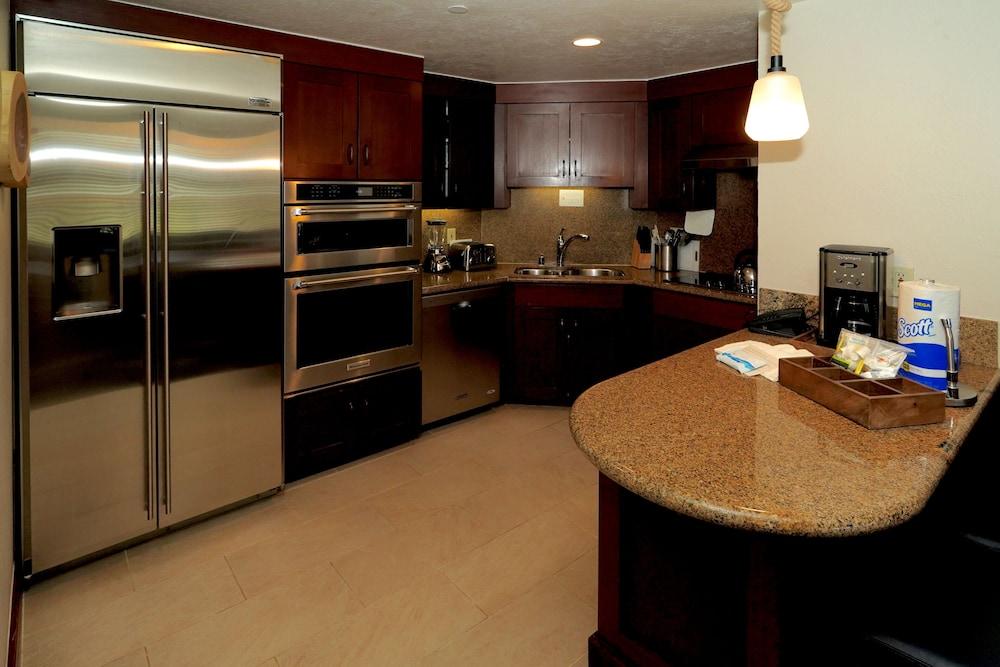 Grand Residences by Marriott by Heavenly Village Condos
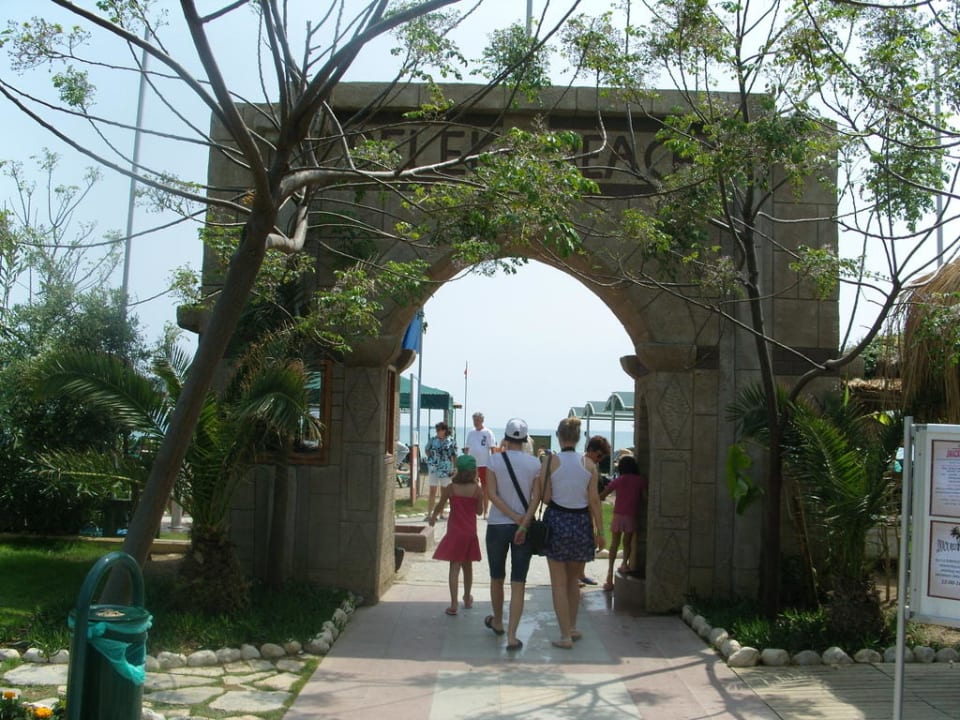 Wejście na plaże Belek Beach Resort Hotel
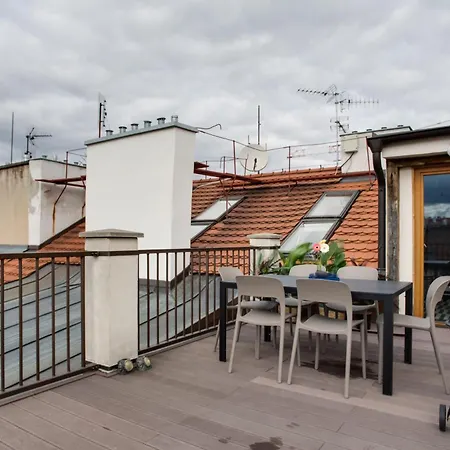 Ultimate Prague 1 Experience - Duplex, Roof Top Terrace, Prague Castle View, Free Parking Over Weekends Exterior photo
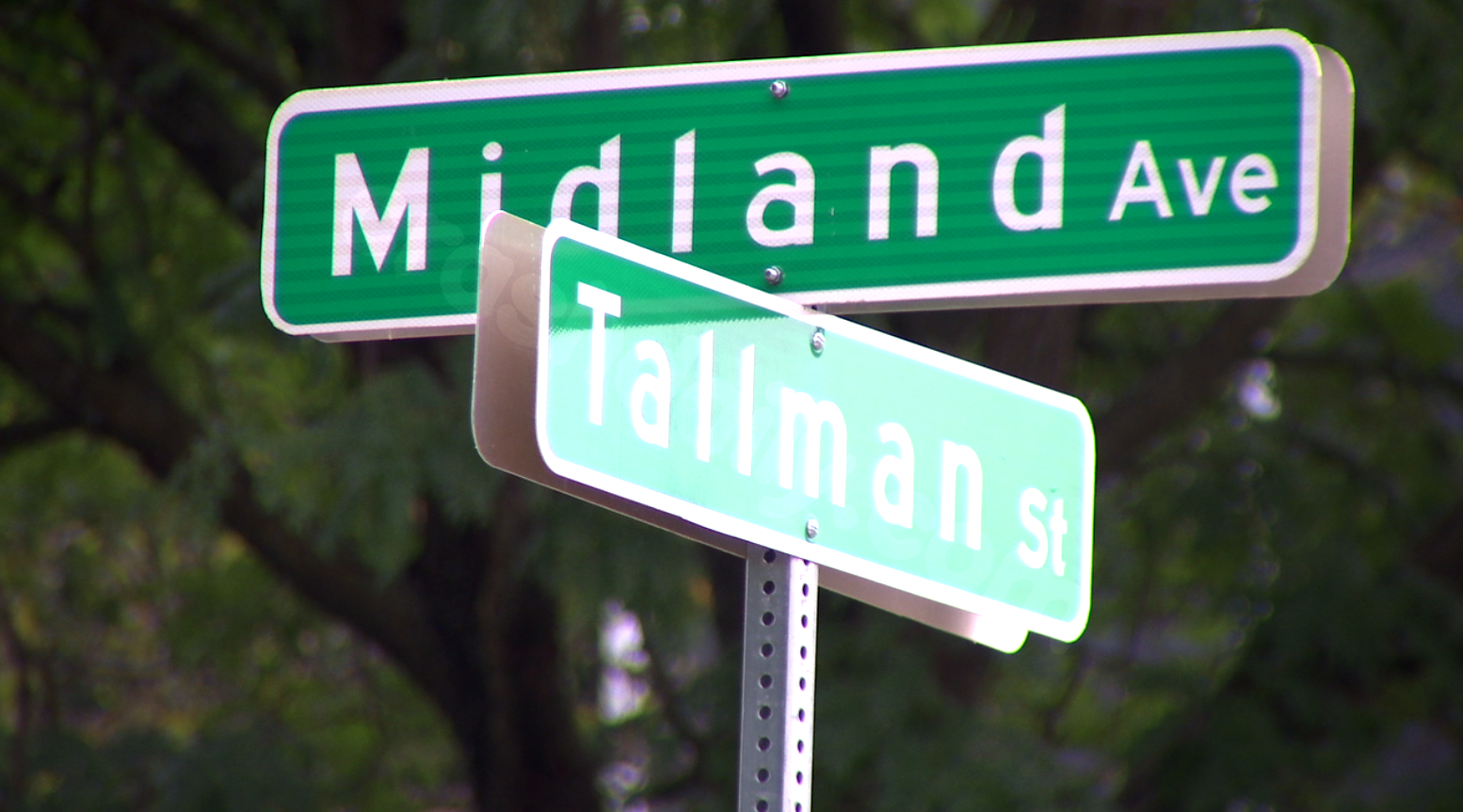 Motorcycle accident leaves man in critical condition in Syracuse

## Problem to solve
Without copying any picture, repeat the full listing above word for word.

## Answer space
 Grand Residences by Marriott by Heavenly Village Condos
 Wejście na plaże Belek Beach Resort Hotel
 Ultimate Prague 1 Experience - Duplex, Roof Top Terrace, Prague Castle View, Free Parking Over Weekends Exterior photo
 Motorcycle accident leaves man in critical condition in Syracuse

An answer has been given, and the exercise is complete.